Neoliberal ekonomi politikaları kent ve doğa rantının nakde çevrilmesiyle elde edilecek kaynaklara çok ihtiyaç duyar. AKP de üretimden sağlayamadığı kaynakları (onlara göre) durduğu yerde para etmeyen doğadan sağlama kolaycılığına kaçıyor.

Buradaki inşaat çalışmaları süresince dışarıdan gelecek yatırım sermayesinin piyasalara ve istihdama bir süreliğine hareket sağlayacağını hesaplıyorlar. Ekonominin biraz canlanması ile sağlanacak göreli bir refah ortamında (erken veya zamanında) seçime giderek iktidar sürelerini bir beş yıl daha ötelemek istiyorlar.

Kanal Israrında ABD Menfaatleri Ne Kadar Etkili
Karadeniz’de kıyısı olamayan ülkelerin savaş gemilerinin Marmara ve Karadeniz’e girmesi ve buralarda kalma süresi konularında Montrö sözleşmesinin getirdiği çeşitli kısıtlamalar var. İktidarın asıl olarak ABD menfaatleri için bu kanalda ısrarcı olduğunu iddia eden görüşler de var.

Kişisel olarak görüşüm, projede ısrarın temel sebebinin yukarda ele aldığım acil ekonomik gerekçeler olduğu yönündedir. Ancak her konuda bir taşla birçok kuş vurmak azminde olan iktidarın Kanal ısrarında ABD menfaatleri gibi ikincil bir motivasyonu olabileceği de düşünülebilir.
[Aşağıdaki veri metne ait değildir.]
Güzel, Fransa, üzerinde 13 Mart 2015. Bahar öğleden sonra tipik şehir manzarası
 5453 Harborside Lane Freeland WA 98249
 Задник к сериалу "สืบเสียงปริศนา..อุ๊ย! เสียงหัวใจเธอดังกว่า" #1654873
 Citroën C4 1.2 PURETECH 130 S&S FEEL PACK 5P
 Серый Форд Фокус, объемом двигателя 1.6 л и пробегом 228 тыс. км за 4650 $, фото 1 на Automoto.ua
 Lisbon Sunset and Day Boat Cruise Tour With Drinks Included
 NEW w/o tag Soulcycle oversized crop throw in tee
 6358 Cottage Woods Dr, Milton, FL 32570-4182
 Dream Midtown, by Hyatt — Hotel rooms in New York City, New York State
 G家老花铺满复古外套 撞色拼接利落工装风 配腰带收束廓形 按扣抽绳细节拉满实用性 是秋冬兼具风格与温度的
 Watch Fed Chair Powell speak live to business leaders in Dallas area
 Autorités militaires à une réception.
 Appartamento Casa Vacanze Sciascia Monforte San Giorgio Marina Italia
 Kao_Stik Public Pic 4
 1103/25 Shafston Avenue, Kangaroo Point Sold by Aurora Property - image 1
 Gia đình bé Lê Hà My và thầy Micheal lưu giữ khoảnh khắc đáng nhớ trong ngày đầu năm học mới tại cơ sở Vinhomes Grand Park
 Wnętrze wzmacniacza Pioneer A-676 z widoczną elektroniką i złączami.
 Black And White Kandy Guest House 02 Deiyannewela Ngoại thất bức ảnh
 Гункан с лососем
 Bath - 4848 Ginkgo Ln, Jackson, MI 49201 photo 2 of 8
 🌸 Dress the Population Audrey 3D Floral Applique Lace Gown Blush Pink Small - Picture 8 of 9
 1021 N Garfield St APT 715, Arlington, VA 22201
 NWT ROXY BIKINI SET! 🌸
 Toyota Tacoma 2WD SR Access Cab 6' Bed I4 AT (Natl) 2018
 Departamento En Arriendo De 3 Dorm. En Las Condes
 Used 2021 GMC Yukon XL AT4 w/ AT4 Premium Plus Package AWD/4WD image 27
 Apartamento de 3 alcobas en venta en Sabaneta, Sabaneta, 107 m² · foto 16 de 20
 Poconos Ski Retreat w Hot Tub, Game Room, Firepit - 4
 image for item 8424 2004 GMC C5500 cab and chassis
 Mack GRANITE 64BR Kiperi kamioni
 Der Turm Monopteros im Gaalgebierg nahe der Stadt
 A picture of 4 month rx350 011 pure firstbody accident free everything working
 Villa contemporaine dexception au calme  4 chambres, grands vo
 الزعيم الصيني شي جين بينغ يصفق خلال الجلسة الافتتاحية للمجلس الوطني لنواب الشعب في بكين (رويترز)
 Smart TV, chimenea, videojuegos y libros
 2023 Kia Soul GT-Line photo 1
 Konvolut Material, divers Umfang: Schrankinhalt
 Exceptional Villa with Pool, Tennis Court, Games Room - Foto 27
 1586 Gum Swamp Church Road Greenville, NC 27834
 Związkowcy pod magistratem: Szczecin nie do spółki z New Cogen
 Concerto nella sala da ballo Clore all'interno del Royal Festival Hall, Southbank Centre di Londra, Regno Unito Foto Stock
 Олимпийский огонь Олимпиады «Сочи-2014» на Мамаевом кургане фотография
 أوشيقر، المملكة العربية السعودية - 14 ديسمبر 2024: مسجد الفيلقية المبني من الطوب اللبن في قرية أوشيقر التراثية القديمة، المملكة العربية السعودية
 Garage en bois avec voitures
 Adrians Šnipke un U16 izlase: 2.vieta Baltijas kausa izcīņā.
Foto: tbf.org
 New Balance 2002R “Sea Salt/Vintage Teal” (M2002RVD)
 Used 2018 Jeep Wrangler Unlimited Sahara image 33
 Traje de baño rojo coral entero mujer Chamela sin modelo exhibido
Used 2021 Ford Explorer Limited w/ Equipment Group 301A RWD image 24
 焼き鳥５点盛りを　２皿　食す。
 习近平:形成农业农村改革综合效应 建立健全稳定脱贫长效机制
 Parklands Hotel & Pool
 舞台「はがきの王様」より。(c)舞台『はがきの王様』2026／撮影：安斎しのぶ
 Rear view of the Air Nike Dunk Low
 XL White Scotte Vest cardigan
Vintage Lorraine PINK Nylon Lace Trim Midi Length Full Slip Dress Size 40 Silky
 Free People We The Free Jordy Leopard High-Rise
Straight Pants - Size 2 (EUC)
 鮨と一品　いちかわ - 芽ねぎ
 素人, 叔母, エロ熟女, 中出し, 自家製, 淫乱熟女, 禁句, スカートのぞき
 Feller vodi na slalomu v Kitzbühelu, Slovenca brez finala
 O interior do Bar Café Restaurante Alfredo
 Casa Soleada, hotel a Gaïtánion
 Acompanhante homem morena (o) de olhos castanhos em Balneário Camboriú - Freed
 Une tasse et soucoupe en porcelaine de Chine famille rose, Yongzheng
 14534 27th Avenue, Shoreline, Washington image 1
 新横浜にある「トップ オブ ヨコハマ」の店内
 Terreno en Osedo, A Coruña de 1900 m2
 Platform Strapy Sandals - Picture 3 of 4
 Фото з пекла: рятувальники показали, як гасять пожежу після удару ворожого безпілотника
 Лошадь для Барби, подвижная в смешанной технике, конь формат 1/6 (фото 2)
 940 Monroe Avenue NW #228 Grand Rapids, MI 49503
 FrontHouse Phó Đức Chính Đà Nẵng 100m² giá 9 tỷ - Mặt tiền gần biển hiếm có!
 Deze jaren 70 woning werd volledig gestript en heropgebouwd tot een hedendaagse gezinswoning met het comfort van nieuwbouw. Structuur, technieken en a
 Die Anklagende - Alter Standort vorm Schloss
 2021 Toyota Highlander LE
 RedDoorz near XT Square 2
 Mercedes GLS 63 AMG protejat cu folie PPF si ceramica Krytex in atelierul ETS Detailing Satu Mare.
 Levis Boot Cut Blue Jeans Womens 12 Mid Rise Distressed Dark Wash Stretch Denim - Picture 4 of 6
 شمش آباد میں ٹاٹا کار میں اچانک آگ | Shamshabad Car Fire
Sıkışmışlık ve mecburiyetler akla, bilime, doğaya, ülkeye, bugünkü ve gelecek kuşakların menfaatlerine ve kayıplarına aldırmıyor. Proje için uydurulan tutarsız gerekçeler bilim çevrelerinde ve kamuoyunda karşılık bulmuyor. Yapılan tüm makul itirazlara karşı bu yüzden umursamaz kalmak zorundalar. Akıl ve bilimle izah edilemeyen bu işi “inat” gibi çocukça ve duygusal bir bahaneye bağlayıp ilk kazmayı vuracak noktaya geldiler.